Он вдруг вспомнил, как неделю назад застал Ольгу одну в гостиной. Она любовалась картиной голландского художника портретиста Франса Халса, висевшей над камином. В ее взгляде было восхищение и какое-то благоговение, и Генрих невольно застыл у двери, любуясь девушкой. Ольга была необычайно обворожительна и мила, и Генрих еле сдержал себя, чтобы не заговорить с ней. Но это был миг, всего лишь миг. Ольга интуитивно почувствовала чье-то присутствие и резко повернулась.

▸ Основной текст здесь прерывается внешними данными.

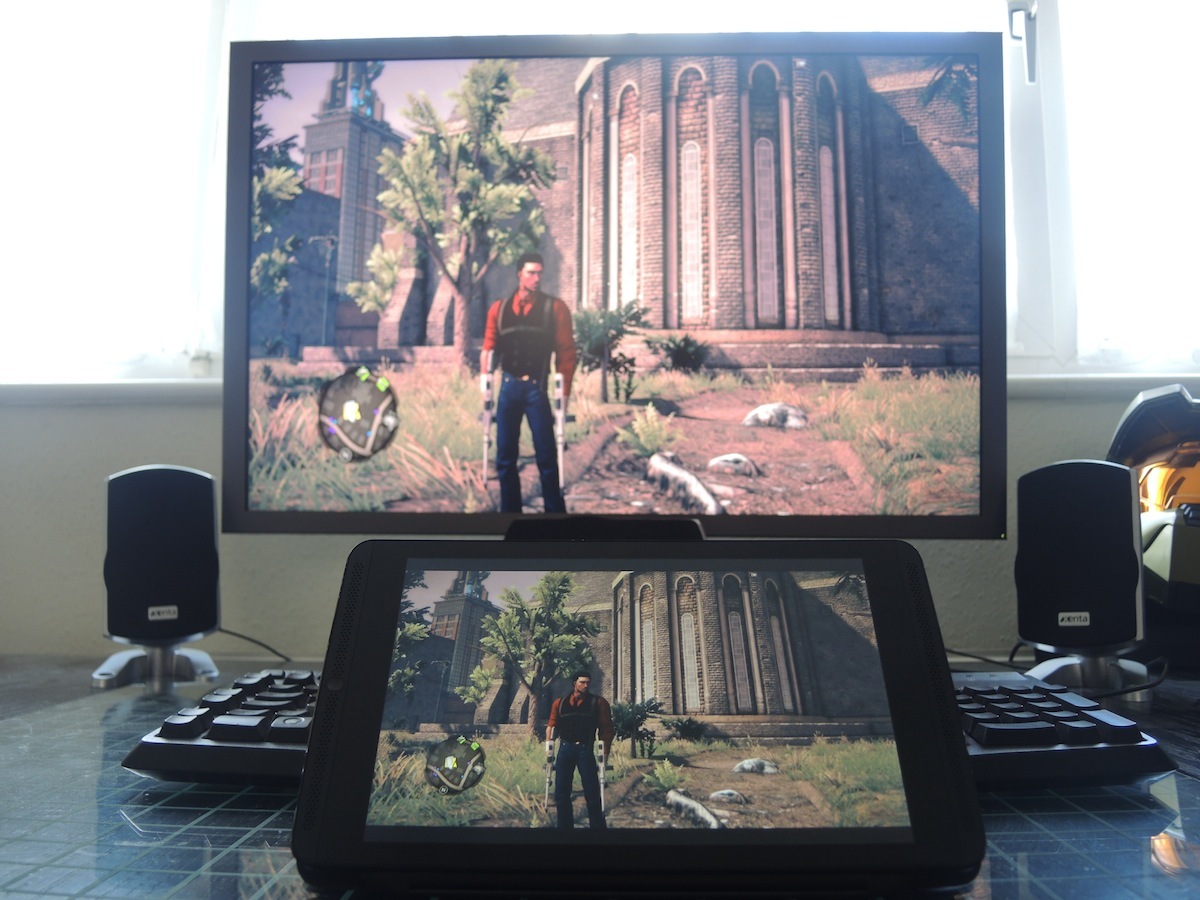 Free your gaming rig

Она с презрением посмотрела на Генриха и, гордо вскинув головку, прошла мимо, даже не взглянув на него, словно он был пустым местом.
– Она этому училась где-нибудь? – спросил Генрих, продолжая любоваться рисунком.

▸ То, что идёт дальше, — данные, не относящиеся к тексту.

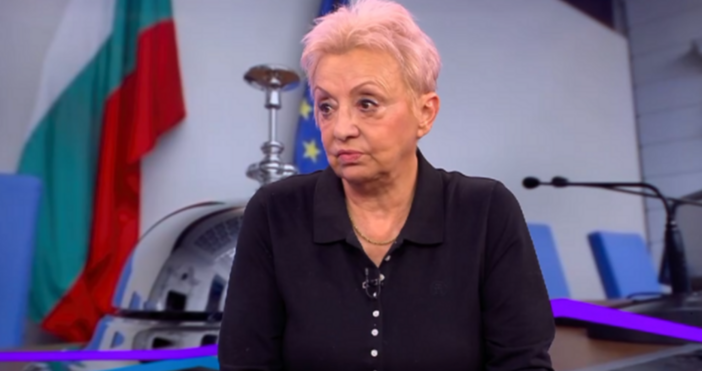 Следващите седмици и месеци ще прекараме в една непрекъсната заплаха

– Непосредственное влияние, по словам Ольги, на нее оказал сельский учитель рисования, то ли Фоменко, то ли Федоренко… впрочем, это не столь важно. Он первым обратил внимание на способности Ольги к рисованию и стал заниматься с ней индивидуально помимо школьной программы. Ольга рассказала, что рисовать начала запоем очень рано, чуть ли не с трех лет. Она рисовала по воображению или с натуры, а вот перерисовывать с картинок не любила, остро ощущая, что это не ее. Ольгу занимал сам процесс рождения образа, как она выразилась, «ниоткуда». А когда ей исполнилось четырнадцать лет, – Эдит бросила робкий взгляд на Генриха. – Может быть, это вам неинтересно?
– Рассказывай, я слушаю тебя с большим вниманием, – Генрих положил рисунок на стол и потянулся за сигаретой.

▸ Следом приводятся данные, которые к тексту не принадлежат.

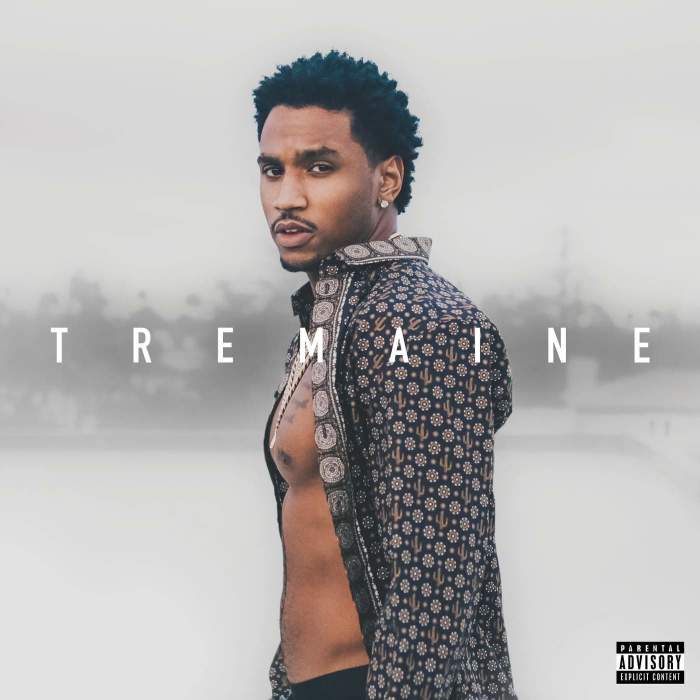 trey songz tremaine the albm download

– Отец за большие деньги купил ей краски. Ольга сделала кисть из шерсти, надерганной из шубы матери, прикрепила холст к деревянной рамке, которую смастерил старший брат, и стала по памяти рисовать свою деревню. Она была очень увлечена работой, но когда закончила картину, со злостью отбросила кисть на пол и обеими руками закрыла глаза. «Браво, брависсимо! – закричал вдруг старший брат и кинулся к Ольге. – Ты талант, огромный талант, ты наша гордость и наша слава». Но Ольга даже бровью не повела в ответ на пламенную речь брата. Она убрала руки с лица и воспаленными глазами уставилась на картину. С каждой секундой она становилась все мрачнее и мрачнее. Потом, болезненно сморщив лицо, Ольга с болью выкрикнула: «Картина мертвая, в ней нет жизни, нет звуков». «Ольга, о чем ты? Картина чудесная. Да и какие звуки могут быть в картине?» – возразил брат. «Она мертвая…» – со злостью повторила Ольга и, бросившись к картине, сорвала с рамы и стала рвать на куски. Брат был поражен поступком сестры и стоял как парализованный, не в силах ей помешать. Звуки… Мне это тоже непонятно. И когда я сказала об этом Ольге, она улыбнулась и задумчиво произнесла: «Мы живем ускоренным темпом и нам некогда прислушиваться к звукам, которые вокруг нас, которые в нас, и все это делает нашу жизнь серой, будничной. Скажи, ты когда-нибудь наблюдала зарево восхода или закат солнца?». Я смущенно пожала плечами. «Это потрясающее зрелище, оно целиком захватывает тебя и переносит в мир чувств, которые невозможно описать словами. Человеческий язык слишком беден, чтобы передать великое таинство природы, происходящее на твоих глазах. А художник, если он настоящий художник, посредством палитры красок может заставить тебя пережить эти чувства. Ты смотришь на картину, на которой изображен ураган, сметающий все на своем пути: деревья, хозяйственные постройки, ветхие жилища, и тебе кажется, еще мгновение – и ураган подхватит тебя, словно маленькую песчинку, и унесет за собой. И если художнику удалось внушить тебе подобные чувства, то его картина – живая и в ней есть звуки».
– Как, оказывается, можно красиво выражать свои мысли, – произнес Генрих и покачал головой. – Эдит, можно я оставлю себе этот рисунок?
– Конечно.
Вдруг раздался глухой треск, включился селектор, и секретарша сказала:
– Господин Дитрих, к вам господин Прост. Вы примете его или ему подождать?
Эдит встала и, сжимая в руках дамскую сумочку, поспешила откланяться.
– Не буду больше занимать ваше время, господин Дитрих, тем более я уже все вам рассказала. До свидания, – Эдит, поклонившись, направилась к двери.
– Эдит, – окликнул девушку Генрих.
Витхайт повернулась.
– Спасибо. Я жду тебя в следующую среду.
– Хорошо.
Генрих щелкнул тумблер селектора.
– Сайда, скажи господину Просту, что он может войти.